* **RECORDED DATA**
____
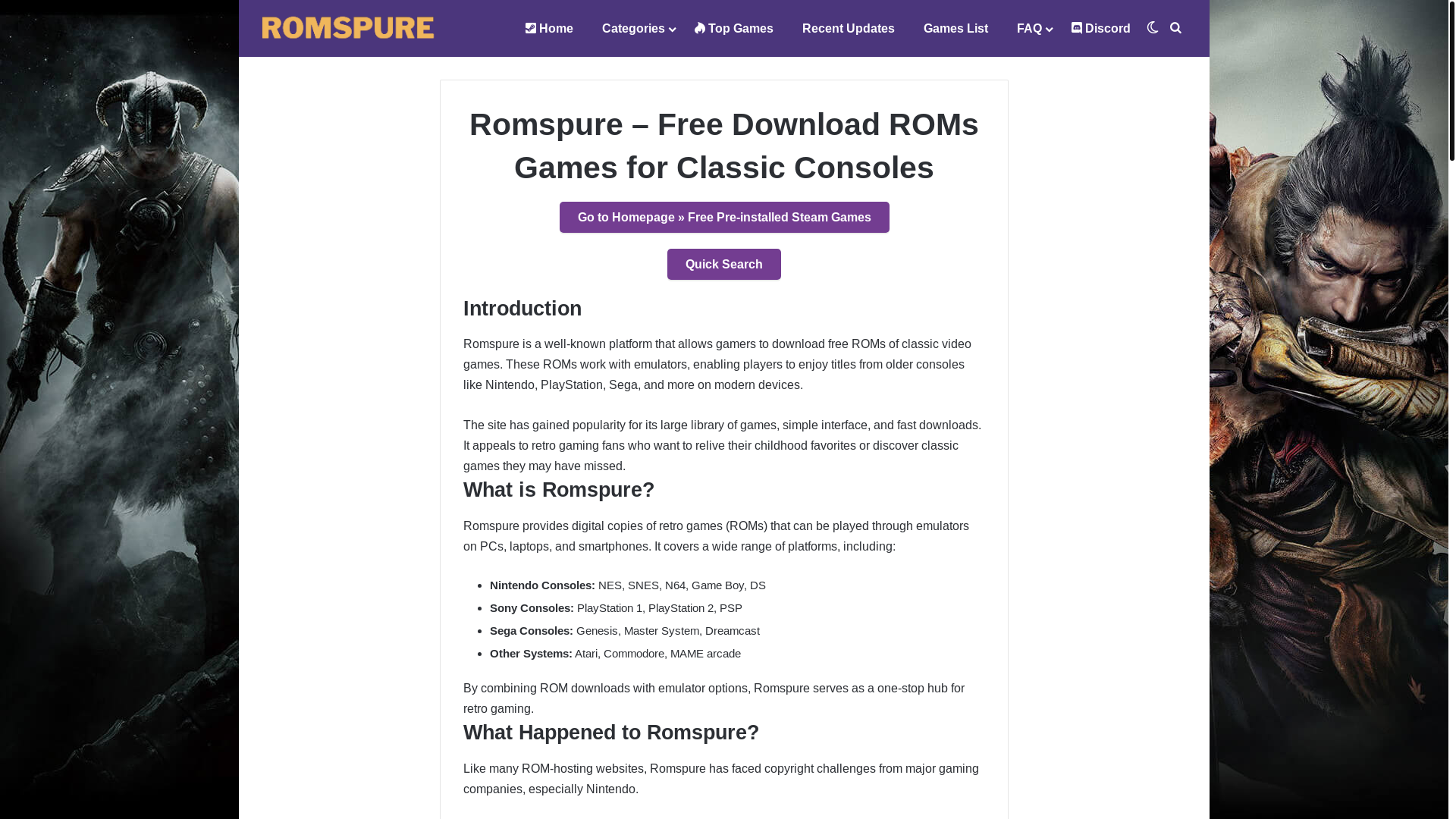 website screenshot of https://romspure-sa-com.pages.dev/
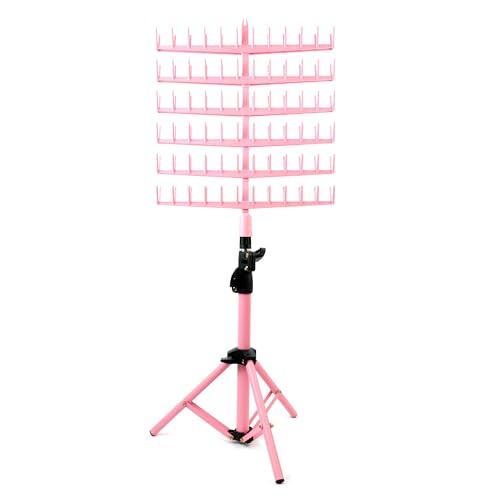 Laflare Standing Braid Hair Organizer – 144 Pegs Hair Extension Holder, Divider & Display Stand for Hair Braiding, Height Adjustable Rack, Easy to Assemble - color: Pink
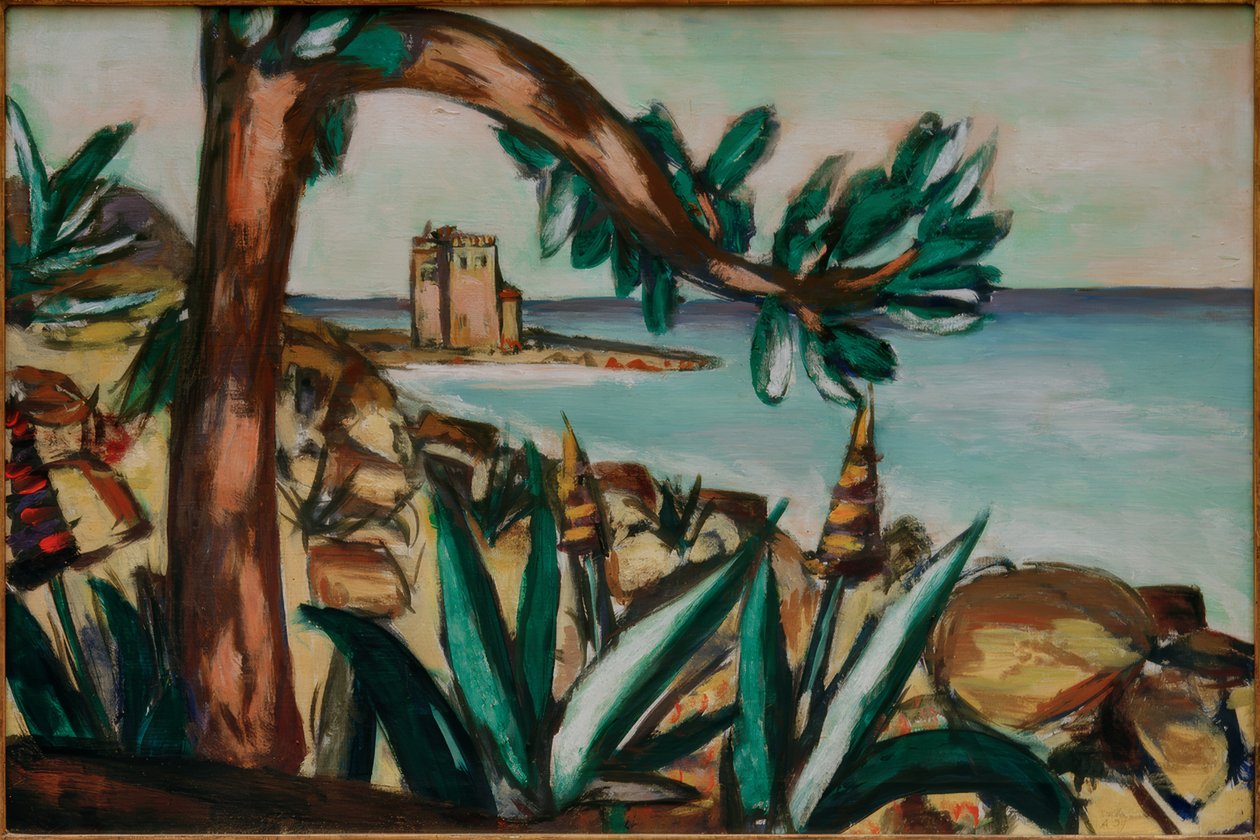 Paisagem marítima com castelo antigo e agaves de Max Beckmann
____
* **WHAT TO WORK ON**
The whole listing above must be set down again exactly, but without its images.

* **SOLVED EXERCISE**
 website screenshot of https://romspure-sa-com.pages.dev/
 Laflare Standing Braid Hair Organizer – 144 Pegs Hair Extension Holder, Divider & Display Stand for Hair Braiding, Height Adjustable Rack, Easy to Assemble - color: Pink
 Paisagem marítima com castelo antigo e agaves de Max Beckmann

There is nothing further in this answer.